'The Normal Heart's Taylor Kitsch May Finally Get Out Of His 'Friday Night Lights' Pigeonhole
It's easy to look at The Normal Heart star Taylor Kitsch, who's still rocking his Tim Riggins long locks offscreen, and assume that in every role he's the same character we've seen time and again. But HBO's adaptation of the beloved Larry Kramer stage play is going to change all of that. It gives fans of the Riggs hope that the actor will eventually break out beyond playing "Tim Riggins as John Carter" or "Tim Riggins as suave Orange Country drug dealer." In The Normal Heart, Kitsch finally escapes type casting and delivers a performance that many of us didn't think he had in him.
Of course, Kitsch appears as a different person in the film, donning a perfectly '80s blonde coif. He may be slightly unrecognizable to some, but elements of the Kitsch we fell in love with in Dillon, Texas are there. Kitsch plays Bruce, one of the founding members of an organization aimed at education and eradication of an unidentified disease seemingly affecting only gay men. Of course, The Normal Heart is the story of gay men in New York in the 1980s as they discovered, fought, and lost many battles with AIDS long before the HIV virus was widely understood and accepted as a crisis. Bruce and his friends, include writer and activist Ned Weeks (Mark Ruffalo), New York Times reporter Felix Turner (Matthew Bomer), and activist Tommy Boatwright (Jim Parsons) struggle to understand the new affliction as their friends continue to fall ill and die, all the while earning no support or even a single person in power willing to listen.

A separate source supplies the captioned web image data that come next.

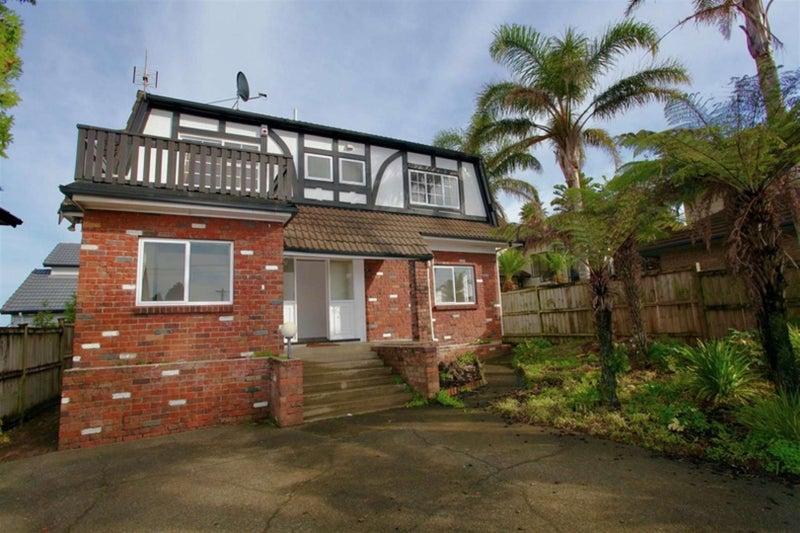 139 Bucklands Beach Road, Bucklands Beach, Auckland - Carousel 1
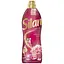 opoliskuvach-dlia-bilyzny-silan-aromatherapy-sensual-rose-770-ml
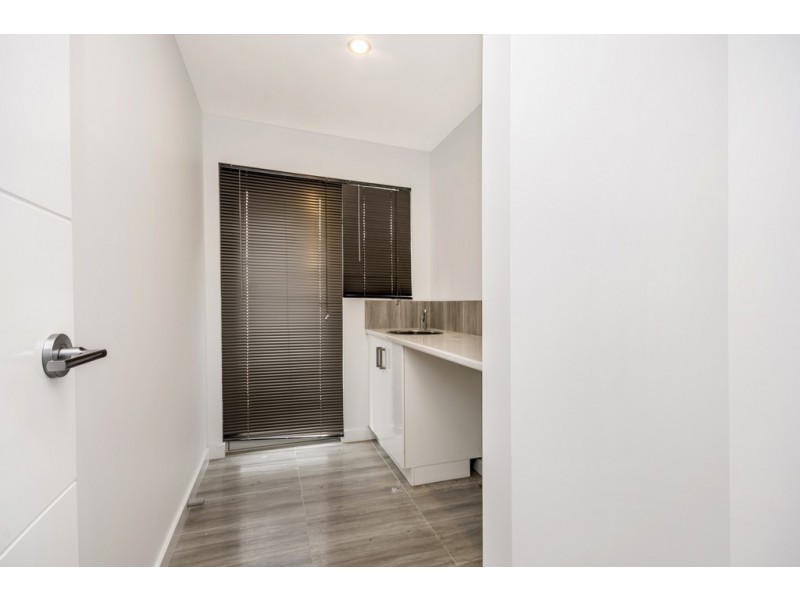 7 Shervan Court, Perth TAS 7300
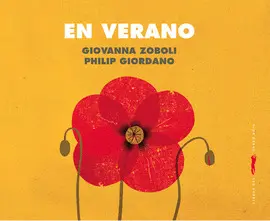 EN VERANO EN VERANO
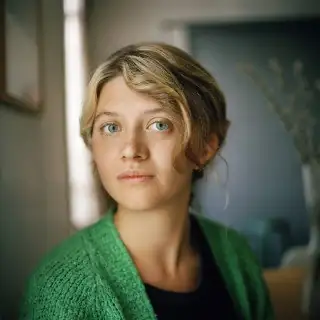 Der Boekensteun-Vortrag: Emma Doude van Troostwijk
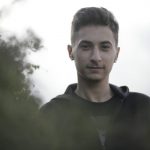 MG_7094-1030x687-1-150x150 Portre Fotoğrafı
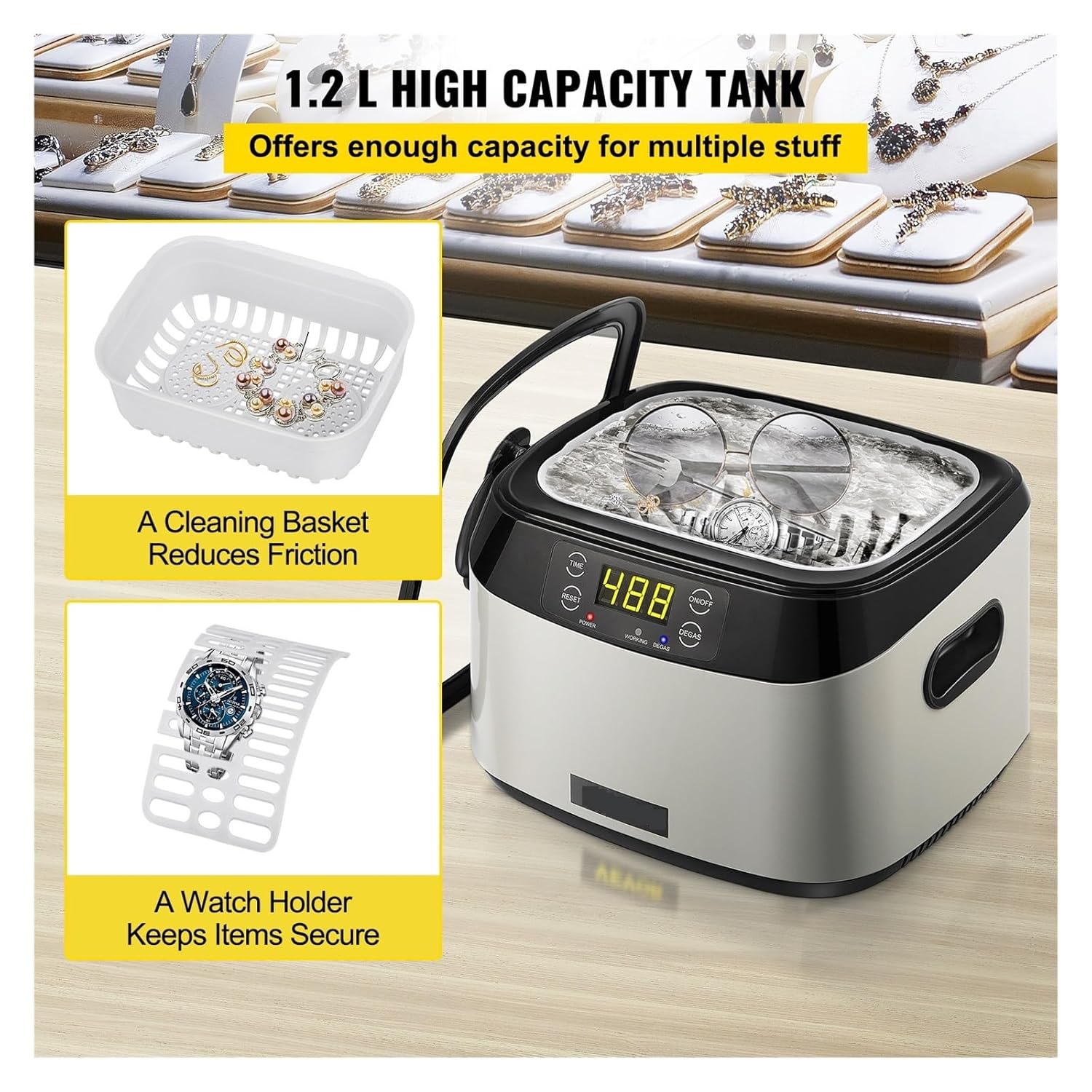 ダイコーFIELDINN磯船かかり15・420 釣竿 ダイコーFIELDINN磯船かかり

It's powerful stuff and it would be very, very easy to assume that Kitsch's performance earns its gravity from the subject matter alone, but that's simply untrue. While Kramer's script (which he adapted from his own play) and the real life tragedy attached to the film bring a requisite level of gravity and heart to the production, it's the intimate moments in which Kitsch portrays a grieving boyfriend, a frustrated human, and a furious activist that earn him his stripes.
When Kitsch was still loping around Texas as Tim Riggins on Friday Night Lights, he was a solid actor, but was often prone to over-the-top explosions of emotion. Tim was volatile, but Kitsch sometimes took it to an unnatural place. In The Normal Heart, it's clear that Kitsch has matured and found a way to channel that same level of anger and frustration through a sieve. What's left are the most honest piece of that anger and a truly moving performance.
His turn as Bruce, a character played by Lee Pace in the 2011 Broadway debut of The Normal Heart, is the sort of actor transformation that gives fans and fellow actors alike hope. Sure, you could get stuck in a series of roles that require little more than breath and a heart beat (looking at you, Battleship), but if you're really lucky, something like this incredible film will come along and deliver a role that demands everything you've got. Here Kitsch has the chance not only to prove that he's a better actor than his past projects have given him credit for, but also the chance to tell an important story to an audience that the original play never had the chance to reach. And that, my friends, is a beautiful thing.